But now, society is marching into a future without Christianity, it does not know the significance of where it is going. What will a future without God-guaranteed values look like?
The indications so far are not promising.
If the best prediction of the future is the past, then we should have real concerns. Societies that have cast off Christian values almost inevitably collapse into some sort of abusive totalitarianism that dehumanizes and devalues people. It has consigned millions to starve to death in its pursuit of communist collective ideology; it has murdered people in gas chambers, and littered “killing fields” with bones in Cambodia. At a societal level, history teaches us that humanism inevitably transmutes to inhumanism despite the ideals of its secular opinion leaders and philosophers.
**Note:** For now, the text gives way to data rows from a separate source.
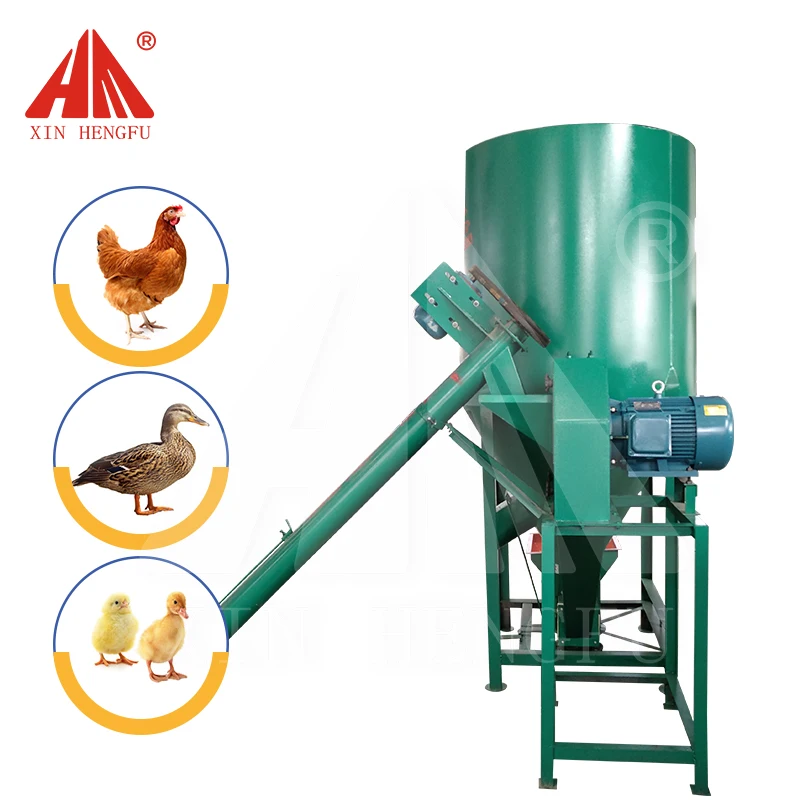 Factory Mash Making Mill 1 Ton Per Hour For Poultry Pig Feed Pellet Plant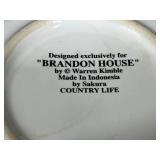 Assorted Vintage and Decorative Bowls, Creamer, and Porcelain Pitcher Set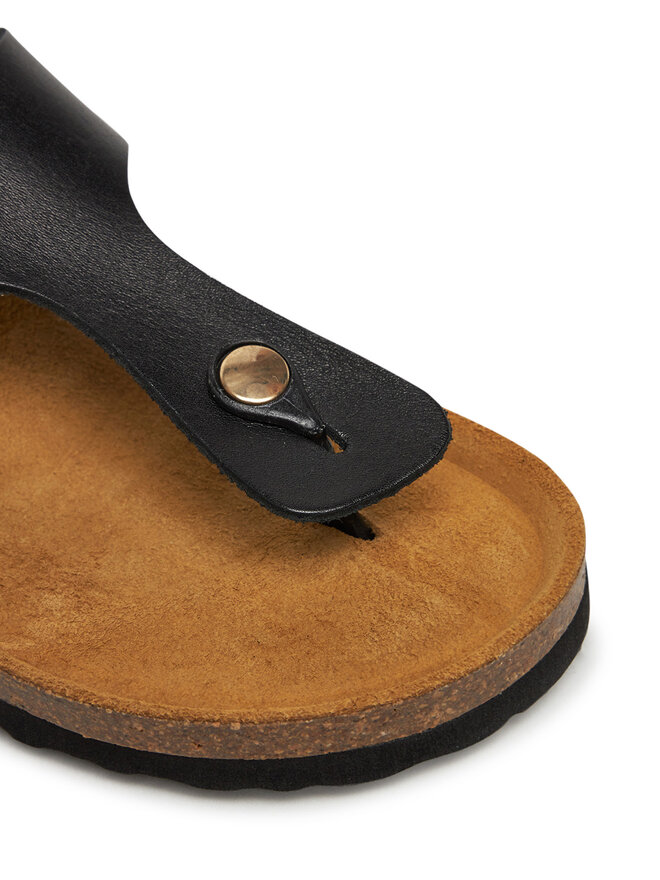 Dr. Brinkmann Джапанки Dr. Brinkmann 700681-01 Черен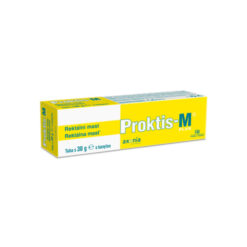 PROKTIS-M PLUS rektálna masť 30 g Proktis-M www.bohre.sk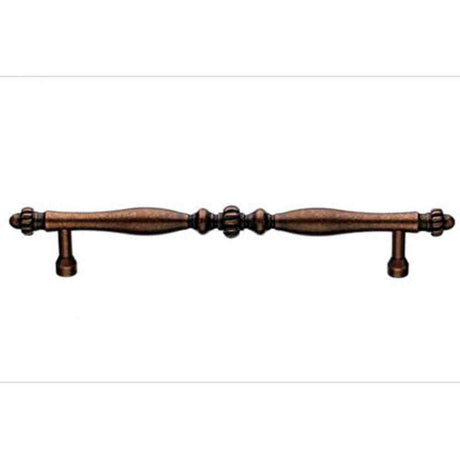 Top Knobs M859-18 old english copper cabinet pull / appliance pull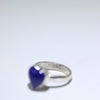 Lapis Heart Ring by Reva Goodluck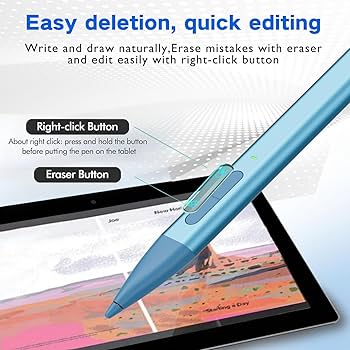 Amazon.com: Slim Pen 2 for Microsoft Surface with 4096 Pressure
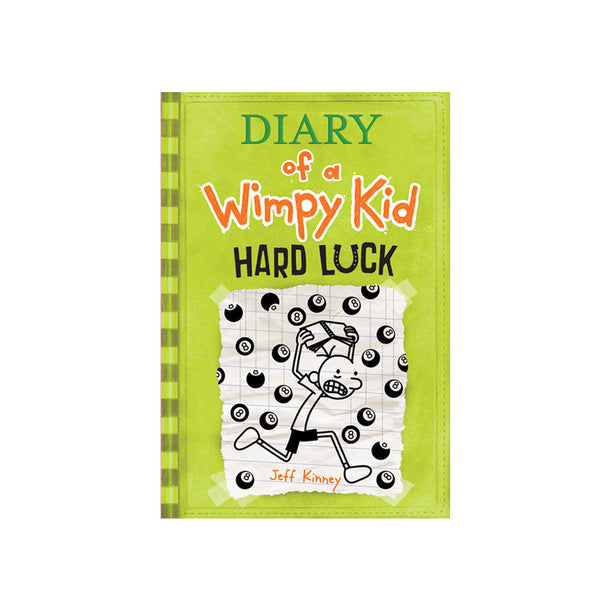 Diary of a Wimpy Kid #8 - Hard Luck Novel Book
Despite this, the West is now blindly stumbling towards an atheistic future, banning Jesus from its schools, from its politics, and from its laws on sexual morality and marriage. Forgive me if I am not optimistic about this. It is difficult not to feel a little bleak as a new generation emerges that does not its identity or what it is that guarantees worth and hope.
So, what does this mean?
It means this: There is an urgent need for our nation to repent, to discover its true purpose, true value, true meaning and true hope. It is time to again look seriously at the claims of Jesus. Jesus said:
“I am the way and the truth and the life. No one comes to the Father except through me.” (John 14:6).
I reckon that’s motive enough for you and I to check out who Jesus is and what his message of hope was.
And it is significant that you can check it out. Why? Because Christianity is evidenced based. It centres on Christ Jesus, a man whom even non-Christian historians in the first century, such as Tacitus and Josephus, wrote about.
So the Christian hope is not just wishful thinking. It is not a philosophical analgesic someone dreamed up to make them feel better in the face of the inevitability of death. It has at its heart, the love of God, the initiative of God and the presence of God amongst us as Jesus.
Christian hope is therefore a future certainty grounded in the reality of Jesus.
There is not much hope without the truth of God, is there? The German philosopher, Friedrich Nietzsche, popularised the idea that “God is dead” and attacked all doctrines which he considered to drain life’s “expansive energies.” (This probably helped explain why he went mad he died – probably of syphilis in 1900.) Without God, his “life expanding” comments didn’t amount to much. He said:
“In reality, hope is the worst of all evils, because it prolongs man’s torments.”
So, when you are tired of the deceits of humankind and feel ready to embrace truth, check out the hope that Jesus’ death on the cross has won for you.